Three women, three unusual sports: Sacramento-area athletes excel at discus, triple jump and steeplechase

USA Outdoor Track and Field Championships’ more obscure competitions test a combination of skills

Triple jumper Danyelle Kurywchak (left) and discus thrower Stephanie Brown Trafton will compete this weekend.

Triple jumper Danyelle Kurywchak (left) and discus thrower Stephanie Brown Trafton will compete this weekend.

photo by michael mott

The USA Outdoor Track and Field Championships continue through Sunday at Sacramento State University. Ticket information and other event details are available at www.sacsports.com/2017usatf.

As a middle school athlete in Pismo Beach, Stephanie Brown learned how to jump over a high bar, clear hurdles, toss a shot put and throw a discus. Enamored with a boy teammate skilled at heaving the heavy disc across the field, she soon made the discus her priority.

Twenty-five years later, Brown Trafton, of Galt, is the 2008 Olympic discus gold medalist. She’s married to Jerry Trafton and has a 3-year-old daughter, but is still participating. She twirls in a tight ring for a few seconds, then hurls a 2.2-pound saucer. She’s launched it as far as 222 feet, 3 inches.

Along with many Sacramento-area junior, collegiate and professional athletes, Brown Trafton will compete in the four-day USA Outdoor Track and Field Championships beginning today at Sacramento State. The junior outdoor championships will be held simultaneously.

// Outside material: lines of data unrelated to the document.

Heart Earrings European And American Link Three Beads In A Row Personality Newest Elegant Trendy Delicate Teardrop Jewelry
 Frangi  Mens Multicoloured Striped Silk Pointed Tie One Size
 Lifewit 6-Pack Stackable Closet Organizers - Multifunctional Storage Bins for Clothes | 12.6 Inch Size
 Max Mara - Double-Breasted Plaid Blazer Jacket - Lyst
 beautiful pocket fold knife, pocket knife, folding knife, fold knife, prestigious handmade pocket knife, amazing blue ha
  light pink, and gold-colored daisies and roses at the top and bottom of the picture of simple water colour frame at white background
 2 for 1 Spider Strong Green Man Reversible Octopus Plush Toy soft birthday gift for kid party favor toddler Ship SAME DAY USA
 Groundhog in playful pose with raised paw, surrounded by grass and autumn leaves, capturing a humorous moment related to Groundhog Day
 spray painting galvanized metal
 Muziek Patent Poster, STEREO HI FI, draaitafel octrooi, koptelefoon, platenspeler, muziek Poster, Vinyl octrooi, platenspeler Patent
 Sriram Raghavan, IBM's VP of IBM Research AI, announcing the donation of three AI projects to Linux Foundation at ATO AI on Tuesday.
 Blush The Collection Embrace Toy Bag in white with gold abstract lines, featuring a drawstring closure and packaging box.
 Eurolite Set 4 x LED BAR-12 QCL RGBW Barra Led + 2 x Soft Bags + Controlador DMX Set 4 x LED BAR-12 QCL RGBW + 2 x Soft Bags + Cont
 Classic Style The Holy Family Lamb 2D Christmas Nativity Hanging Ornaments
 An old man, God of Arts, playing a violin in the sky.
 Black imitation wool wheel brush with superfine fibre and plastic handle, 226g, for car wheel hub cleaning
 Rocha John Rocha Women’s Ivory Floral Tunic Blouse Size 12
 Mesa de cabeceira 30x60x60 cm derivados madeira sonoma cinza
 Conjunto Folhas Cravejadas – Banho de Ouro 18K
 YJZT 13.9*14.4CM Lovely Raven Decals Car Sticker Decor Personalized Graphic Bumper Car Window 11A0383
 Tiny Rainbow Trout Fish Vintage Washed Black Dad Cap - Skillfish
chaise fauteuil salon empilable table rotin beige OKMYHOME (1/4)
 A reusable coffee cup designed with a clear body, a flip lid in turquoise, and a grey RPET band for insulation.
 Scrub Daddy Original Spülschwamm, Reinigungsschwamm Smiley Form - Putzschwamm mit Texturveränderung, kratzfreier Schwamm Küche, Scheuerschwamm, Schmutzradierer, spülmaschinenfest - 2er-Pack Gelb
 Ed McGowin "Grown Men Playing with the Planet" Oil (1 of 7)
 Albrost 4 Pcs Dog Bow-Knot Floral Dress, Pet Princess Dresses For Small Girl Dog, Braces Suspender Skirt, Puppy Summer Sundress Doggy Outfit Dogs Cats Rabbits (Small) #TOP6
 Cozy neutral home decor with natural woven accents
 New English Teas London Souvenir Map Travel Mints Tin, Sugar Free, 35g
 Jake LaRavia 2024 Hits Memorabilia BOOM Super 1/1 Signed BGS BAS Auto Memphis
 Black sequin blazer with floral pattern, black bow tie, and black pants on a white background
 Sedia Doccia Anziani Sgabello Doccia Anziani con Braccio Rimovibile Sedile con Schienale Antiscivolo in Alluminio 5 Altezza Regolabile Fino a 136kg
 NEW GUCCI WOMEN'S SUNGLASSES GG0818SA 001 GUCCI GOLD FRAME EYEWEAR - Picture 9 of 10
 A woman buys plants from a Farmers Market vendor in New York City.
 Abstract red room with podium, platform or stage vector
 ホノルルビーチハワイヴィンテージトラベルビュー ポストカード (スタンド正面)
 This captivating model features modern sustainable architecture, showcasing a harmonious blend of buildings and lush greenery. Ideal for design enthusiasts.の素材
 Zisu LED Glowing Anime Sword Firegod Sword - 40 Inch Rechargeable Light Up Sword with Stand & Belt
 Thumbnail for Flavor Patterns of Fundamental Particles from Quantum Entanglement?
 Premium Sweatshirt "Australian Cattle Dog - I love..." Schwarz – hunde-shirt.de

Steeplechaser Leah O’Connor, of Sacramento, and triple jumper Danyelle Kurywchak, born in Sacramento and a Ponderosa High School graduate, will also be among competitors with unique and unusual specialties.

The three athletes’ events are complex, often underappreciated and rarely in the spotlight. They also don’t include the financial rewards available to sprinters and middle-distance runners.

Brown Trafton, 37, is in the self-described “twilight of her career and competing for fun.” Throwing the discus used to be her job. She traveled to far-flung countries to compete in a niche discipline within a niche sport.

“We don’t have the ability to use track and field as our full-time job,” says Brown Trafton, who recently completed her first season as assistant track and field coach at Galt High School. “I was working in a part-time job through 2010, two years after I was a gold medalist.

“After that, I was fortunate to train full-time because my husband was working full-time. He was paying the bills, and the money I received just allowed me to train. I’m not saying it was pennies. It was pretty decent. But I wouldn’t have been able to support myself.”

A shy youngster who often hunched as the tallest kid in school, Brown Trafton has learned to appreciate her 6-foot-4 stature. She wasn’t immediately comfortable as a gold medalist because she had previously competed in only a few international meets. But she was suddenly in the limelight in a discipline where the lights still aren’t particularly bright.

“After winning the gold medal I was basically on the [competitive] circuit full-time in the summertime,” says Brown Trafton, who played one year of basketball at Cal Poly San Luis Obispo before focusing on track and field. “I always kind of got the best hotel rooms and kind of like the star treatment.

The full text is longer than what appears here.